Escola, aprendizagem e projeto político cultural

Escola, aprendizagem e projeto político cultural

O recrudescimento das práticas de discriminação racial e homofóbicas e a exposição pública de pensamentos, performances políticas e práticas fascistas, têm levado um número crescente de professores, ativistas sociais e pesquisadores a se perguntarem sobre o lugar e a importância da educação e, mais especificamente, da escola na formação cívica, logo política, da população brasileira. De outro lado, conforme já observamos aqui neste espaço, há um crescente descontentamento dos movimentos autoritários com aquilo que consideram a esquerdização da escola e o ataque à família e religião perpetrados pelos professores, pelos livros didáticos e pelos programas de ensino.

Esse desacordo sobre os sentidos da educação são indicadores de que quando se pensa na educação no espaço público não se disputam apenas sobre os currículos, o ensino e a aprendizagem. Há aí, como muito já se debateu e escreveu na área, uma disputa por projetos políticos e culturais a que a escola se refere e dos quais ela é portadora. Há, assim, o fortalecimento da face socializadora da escola em relação à dimensão instrutiva da instituição.

Nos anos de 1980, no esforço de superar o estreito tecnicismo preconizado pelas políticas educacionais da ditadura e, ao mesmo tempo, fazer a escola dialogar com o que ocorria à sua volta, buscou-se mobilizar a ideia de educação para a cidadania como slogan que sintetizava os esforços teóricos/políticos/práticos daqueles que queriam uma escola inclusiva e de qualidade para todos.

A escola, neste registro, fazia parte de um amplo projeto político cultural que incluía, mas não se limitava, ao ensino e à aprendizagem dos conteúdos escolares. No entanto, nos anos vindouros, há um crescente questionamento do slogan da educação para a cidadania advindo, sobretudo, dos movimentos teóricos/políticos/práticos que enfatizavam a necessidade de reconhecimento das diferenças, ao mesmo tempo em que afirmavam os estreitos marcos da cidadania política baseada na luta pelos direitos sociais e civis clássicos.

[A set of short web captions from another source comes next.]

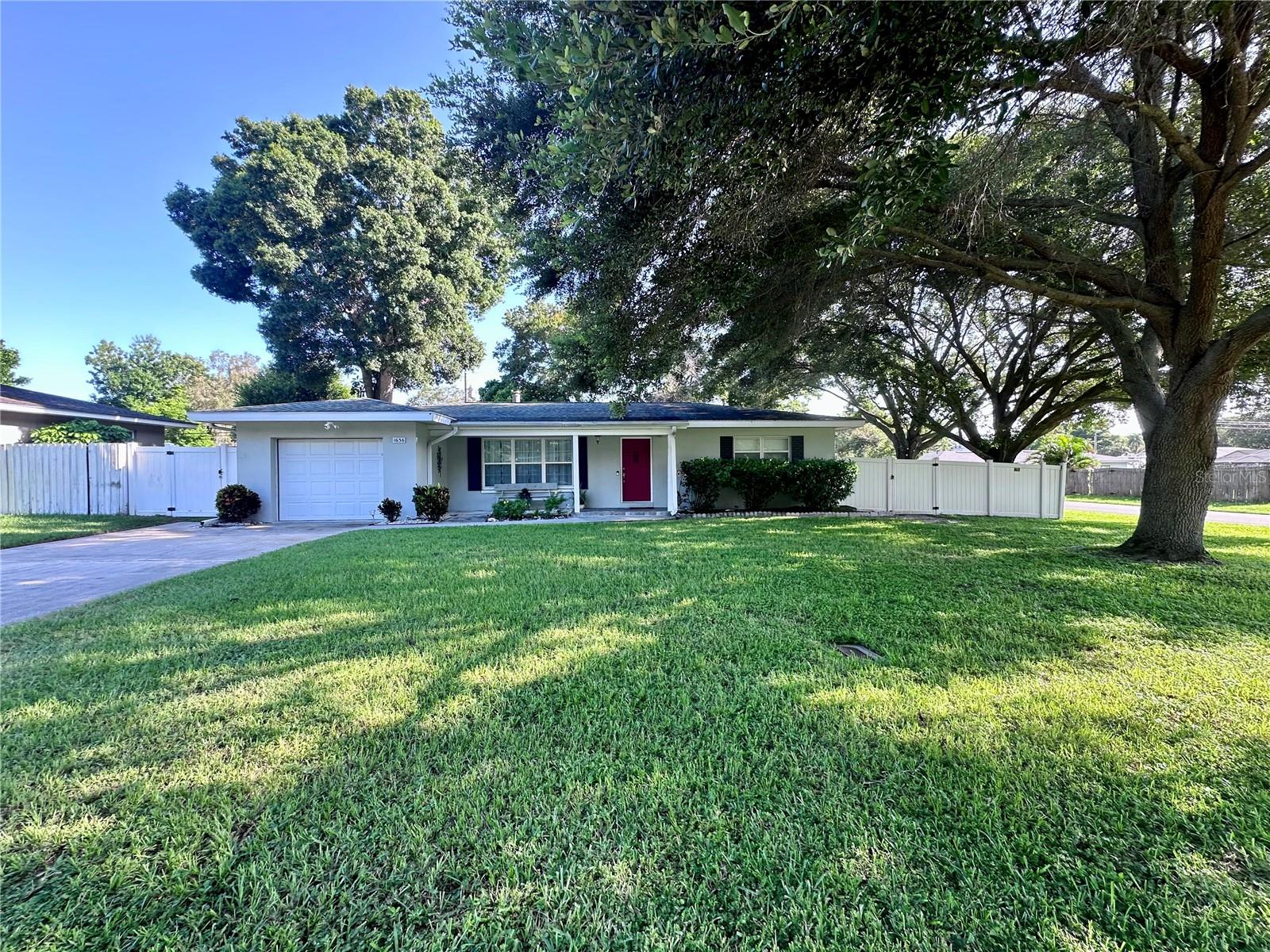 Situated on a corner lot in a quiet neighborhood of Clearwater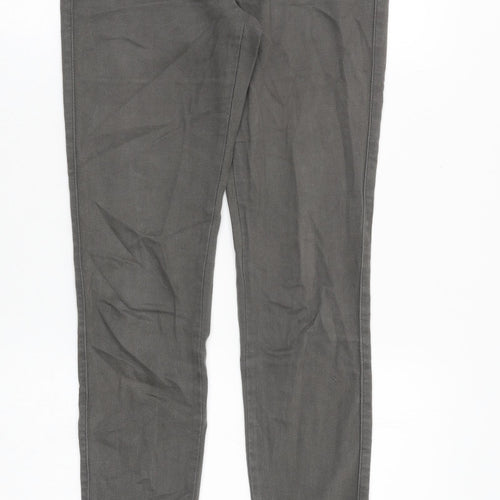 Sisley Womens Green Cotton Skinny Jeans Size 26 in Slim Zip
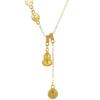 Nuevo collar de calabaza dorada de estilo chino para mujer, diseño de nicho de lujo ligero, estilo nacional de alta calidad, elegante cadena de clavícula con borlas de la marca Fortune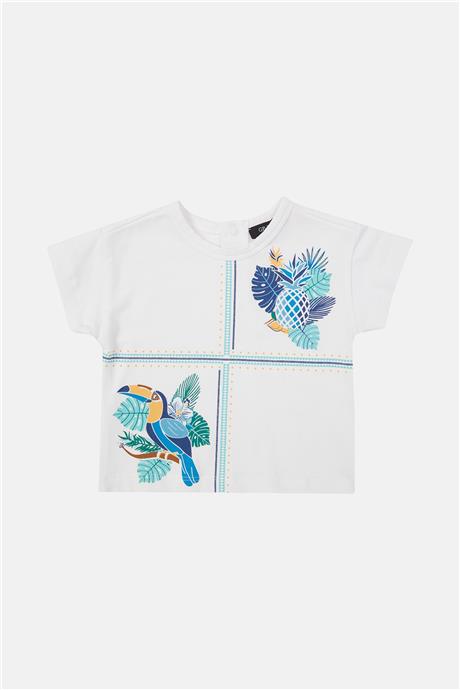GB Baby Erkek Bebek Beyaz Tshirt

Mas o questionamento ao slogan da educação para a cidadania vinha também de outros grupos que enfatizavam que ao reconhecer, sobretudo, a face socializadora da escola e a necessidade de que ela dialogasse com os movimentos sociais, o movimento acabou levando também a um esvaziamento da escola como instituição que deve garantir às novas gerações o acesso ao conhecimento socialmente acumulados.

Quando, em 2002, a coalização liderada pelo Partido dos Trabalhadores assumiu a Presidência da República, todos estes grupos passaram a atuar na esfera federal buscando disputar os rumos das políticas educacionais. Para isso, traziam e atualizavam experiências de várias administrações municipais e estaduais pelo país afora, que buscavam desenvolver políticas de educação pública de melhor qualidade para as crianças e jovens que a ela crescentemente acessavam.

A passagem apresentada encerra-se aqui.